Kimi (2022)
February 17, 2022 7:51 AM - Subscribe

A tech worker with agoraphobia discovers recorded evidence of a violent crime, but is met with resistance when she tries to report it. Seeking justice, she must do the thing she fears the most: she must leave her apartment.

The latest Steven Soderbergh film on HBOMax finds him updating the 1970s paranoid thriller with today's technological surveillance devices and covid isolation. Adds Blow-Up, Blow-Out, The Conversation and maybe The Parallax View into a pot and boils it down to a tight 90s minutes.
posted by octothorpe (13 comments total) 6 users marked this as a favorite
 
MILD SPOILERS:

I thought this was pretty well done. Maybe I missed some small detail, but it seemed a pretty giant coincidence that the main character happened upon her Big Boss' recording of his crime. Other than that, I loved that it was short and to the point. Zero padding. Worth a watch.
posted by SoberHighland at 8:41 AM on February 17, 2022


It was a misunderstood command so someone working for the company had to hear it.
posted by Stanczyk at 9:10 AM on February 17, 2022


I really liked it too. Kravitz is fantastic in it. I also empathize with how it used COVID to amplify Angela's agoraphobia. I could really relate to that.
posted by Stanczyk at 9:13 AM on February 17, 2022


I loved it but it was one of my favorite directors working in one of my favorite genres so it was sort of a given. I forgot to mention Vertigo and Rear Window as influences too and any friend of those films is a friend of mine. I wouldn't say that it's as good as those but it's a fun exercise in updating those tropes into our tech-infested, pandemic present.
posted by octothorpe at 9:38 AM on February 17, 2022 [1 favorite]

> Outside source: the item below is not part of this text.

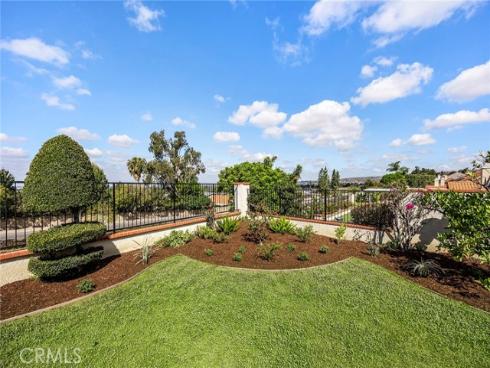 5765  Vista Del Mar  , Yorba Linda, CA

I also felt like the last sequence had a bit of Wait Until Dark in there.

I joked this movie is good if you've never seen a movie before. While that's not completely fair, it is definitely drawing on its influences, but it does that well. It has pretty predictable beats but I was very much entertained. Kravitz is always fun to watch and I'm glad it was only 90 minutes. It just kept pushing forward without stopping. I appreciated that.
posted by edencosmic at 11:35 AM on February 17, 2022 [3 favorites]


It was well-done because it was Soderbergh, but it was incredibly familiar and predictable.

I don't think it was a mistaken command; I think there was a bit in the script about it being manually flagged and this was perhaps the result of the victim telling Kimi to "record"?
posted by Ivan Fyodorovich at 12:41 AM on February 18, 2022


What if Steven Soderbergh, but Luc Besson?

Maybe add a little Michael Clayton?

I enjoyed it!
posted by nicwolff at 11:42 AM on February 18, 2022


I felt like this was the first time I had seen some of that pandemic stuff in a movie. Like the CEO’s zoom setup. Being in public places with some people wearing masks and others not. Even the tech support guy in Eastern Europe rang incredibly true to me.
posted by jeoc at 7:46 PM on February 18, 2022 [1 favorite]


I really enjoyed a lot of this. Her leaving to go to the office and that whole scene up until the abduction was just great. There were a lot of small touches that were done well, something that isn't always the case.

That said, I feel like her switch at the end to ruthless killer was a bit out of left field. I've no problem with John Wick or Atomic Blonde movies, but don't super believe the sudden transition with no support. Her headshotting one mook then finishing off the last one with no emotion was badass, but not exactly in character.
posted by Carillon at 11:29 PM on February 18, 2022 [4 favorites]


This was fun. The only thing I didn’t like was the sudden transition to 3-stooges level incompetence by the goons at the end.

It was fun to see downtown Seattle in a movie. The route of the chase scene made sense. There were probably even some real life Alexa workers in the background, since that’s real-life Amazon territory.

All told, a pretty good long-form advertisement for cordless nail guns.
posted by qxntpqbbbqxl at 8:21 AM on February 19, 2022 [6 favorites]


The killing spree at the end was maybe a little bit foreshadowed by the “I was assaulted but they ended putting me on trial” bit?

I liked it, it felt like a film from an earlier time with the short run time and no extra stuff.
posted by boogieboy at 11:09 AM on February 23, 2022 [1 favorite]


Exactly. I just watched Fuller's Pickup on South Street which manages to fit a gripping story with at least four well-fleshed out characters into all of 80 minutes. Not that every film should be that short but not every film needs to be a butt-numbing three hours either. I feel like Hollywood has lost the ability to tell stories economically.
posted by octothorpe at 11:00 AM on February 24, 2022


I feel like it's cruel to be critical of this movie. It's fun enough, but it's pretty slight.

It's fun seeing Kravitz going around as a teal-and-orange gnome.